Robustness-Reinforced Knowledge Distillation with Correlation Distance and Network Pruning
Seonghak Kim, Gyeongdo Ham, Yucheol Cho, Daeshik Kim
TL;DR
This work tackles the limitations of KL-based knowledge distillation, which can misallocate target and dark knowledge depending on teacher entropy. It introduces Robustness-Reinforced Knowledge Distillation (R2KD), which replaces KL with a correlation-distance loss that combines value-based and rank-based similarities between teacher and student predictions, and augments this with a pruned teacher to boost robustness to hard and augmented samples. The method is validated across CIFAR-100, ImageNet, FGVR, and TinyImageNet, showing consistent gains over state-of-the-art KD methods, with particular resilience when data augmentation is used. The approach offers practical benefits for deploying compact models on resource-constrained devices by enabling robust knowledge transfer and better handling of challenging inputs without additional training of the pruned teacher.
Abstract
The improvement in the performance of efficient and lightweight models (i.e., the student model) is achieved through knowledge distillation (KD), which involves transferring knowledge from more complex models (i.e., the teacher model). However, most existing KD techniques rely on Kullback-Leibler (KL) divergence, which has certain limitations. First, if the teacher distribution has high entropy, the KL divergence's mode-averaging nature hinders the transfer of sufficient target information. Second, when the teacher distribution has low entropy, the KL divergence tends to excessively focus on specific modes, which fails to convey an abundant amount of valuable knowledge to the student.
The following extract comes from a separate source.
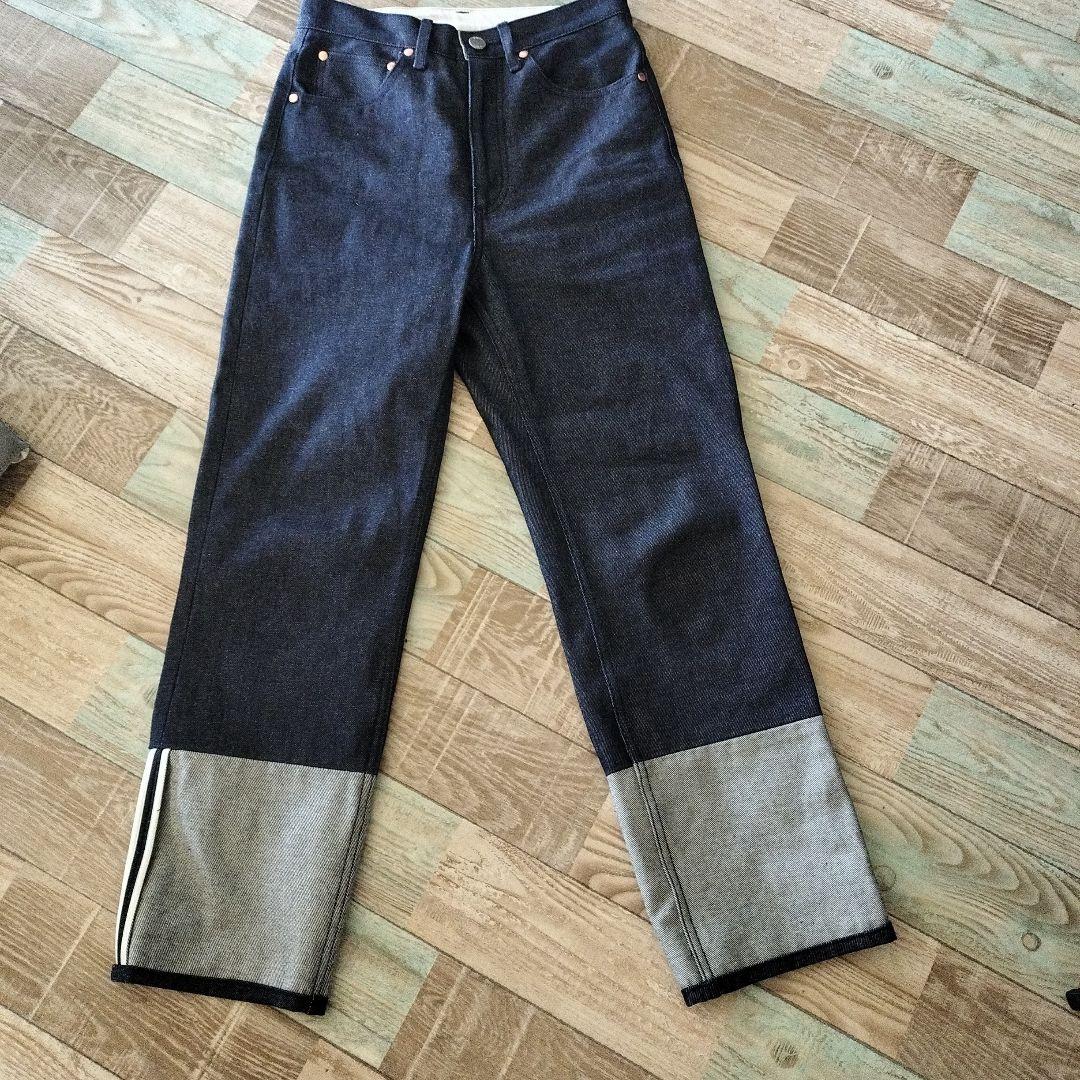 トラディショナルウェザーウェア　バイカラーパンツ ¥25300 超美品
Consequently, when dealing with datasets that contain numerous confounding or challenging samples, student models may struggle to acquire sufficient knowledge, resulting in subpar performance. Furthermore, in previous KD approaches, we observed that data augmentation, a technique aimed at enhancing a model's generalization, can have an adverse impact. Therefore, we propose a Robustness-Reinforced Knowledge Distillation (R2KD) that leverages correlation distance and network pruning. This approach enables KD to effectively incorporate data augmentation for performance improvement. Extensive experiments on various datasets, including CIFAR-100, FGVR, TinyImagenet, and ImageNet, demonstrate our method's superiority over current state-of-the-art methods.